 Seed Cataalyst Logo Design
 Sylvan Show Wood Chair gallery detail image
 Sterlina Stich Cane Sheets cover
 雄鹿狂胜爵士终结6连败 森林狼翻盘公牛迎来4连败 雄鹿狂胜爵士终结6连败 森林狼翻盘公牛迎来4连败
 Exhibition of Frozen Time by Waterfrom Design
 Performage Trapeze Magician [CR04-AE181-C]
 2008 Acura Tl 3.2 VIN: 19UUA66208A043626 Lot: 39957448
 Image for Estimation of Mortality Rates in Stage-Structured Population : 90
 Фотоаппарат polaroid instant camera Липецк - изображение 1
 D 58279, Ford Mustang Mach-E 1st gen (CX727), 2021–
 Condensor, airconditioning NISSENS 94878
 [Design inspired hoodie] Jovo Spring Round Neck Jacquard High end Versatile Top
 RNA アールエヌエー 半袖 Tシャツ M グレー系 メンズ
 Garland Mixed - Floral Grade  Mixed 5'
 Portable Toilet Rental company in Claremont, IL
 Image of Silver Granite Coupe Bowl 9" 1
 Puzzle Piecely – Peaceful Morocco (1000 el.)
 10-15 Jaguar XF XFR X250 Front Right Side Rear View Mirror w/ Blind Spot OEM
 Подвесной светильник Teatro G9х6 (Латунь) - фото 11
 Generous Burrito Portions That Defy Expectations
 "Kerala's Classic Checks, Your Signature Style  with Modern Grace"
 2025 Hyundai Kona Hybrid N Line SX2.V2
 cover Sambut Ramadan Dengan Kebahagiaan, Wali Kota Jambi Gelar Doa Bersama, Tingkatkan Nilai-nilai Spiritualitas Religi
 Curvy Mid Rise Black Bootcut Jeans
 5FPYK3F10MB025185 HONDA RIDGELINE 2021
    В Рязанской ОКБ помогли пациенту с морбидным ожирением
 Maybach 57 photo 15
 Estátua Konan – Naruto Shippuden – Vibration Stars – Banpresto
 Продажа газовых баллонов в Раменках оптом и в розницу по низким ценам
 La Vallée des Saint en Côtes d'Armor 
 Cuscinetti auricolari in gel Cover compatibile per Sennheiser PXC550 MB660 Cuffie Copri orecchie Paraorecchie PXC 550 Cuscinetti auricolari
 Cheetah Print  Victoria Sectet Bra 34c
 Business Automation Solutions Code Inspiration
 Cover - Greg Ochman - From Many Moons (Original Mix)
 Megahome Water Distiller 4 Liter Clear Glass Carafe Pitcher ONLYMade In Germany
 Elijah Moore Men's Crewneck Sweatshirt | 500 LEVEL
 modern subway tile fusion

(Exercise directions) Using the listing above, return word for word each line from the one that has "Подвесной светильник Teatro G9х6" through the one that has "Sectet Bra 34c", and no line outside that range.

(Solution to this task)
 Подвесной светильник Teatro G9х6 (Латунь) - фото 11
 Generous Burrito Portions That Defy Expectations
 "Kerala's Classic Checks, Your Signature Style  with Modern Grace"
 2025 Hyundai Kona Hybrid N Line SX2.V2
 cover Sambut Ramadan Dengan Kebahagiaan, Wali Kota Jambi Gelar Doa Bersama, Tingkatkan Nilai-nilai Spiritualitas Religi
 Curvy Mid Rise Black Bootcut Jeans
 5FPYK3F10MB025185 HONDA RIDGELINE 2021
    В Рязанской ОКБ помогли пациенту с морбидным ожирением
 Maybach 57 photo 15
 Estátua Konan – Naruto Shippuden – Vibration Stars – Banpresto
 Продажа газовых баллонов в Раменках оптом и в розницу по низким ценам
 La Vallée des Saint en Côtes d'Armor 
 Cuscinetti auricolari in gel Cover compatibile per Sennheiser PXC550 MB660 Cuffie Copri orecchie Paraorecchie PXC 550 Cuscinetti auricolari
 Cheetah Print  Victoria Sectet Bra 34c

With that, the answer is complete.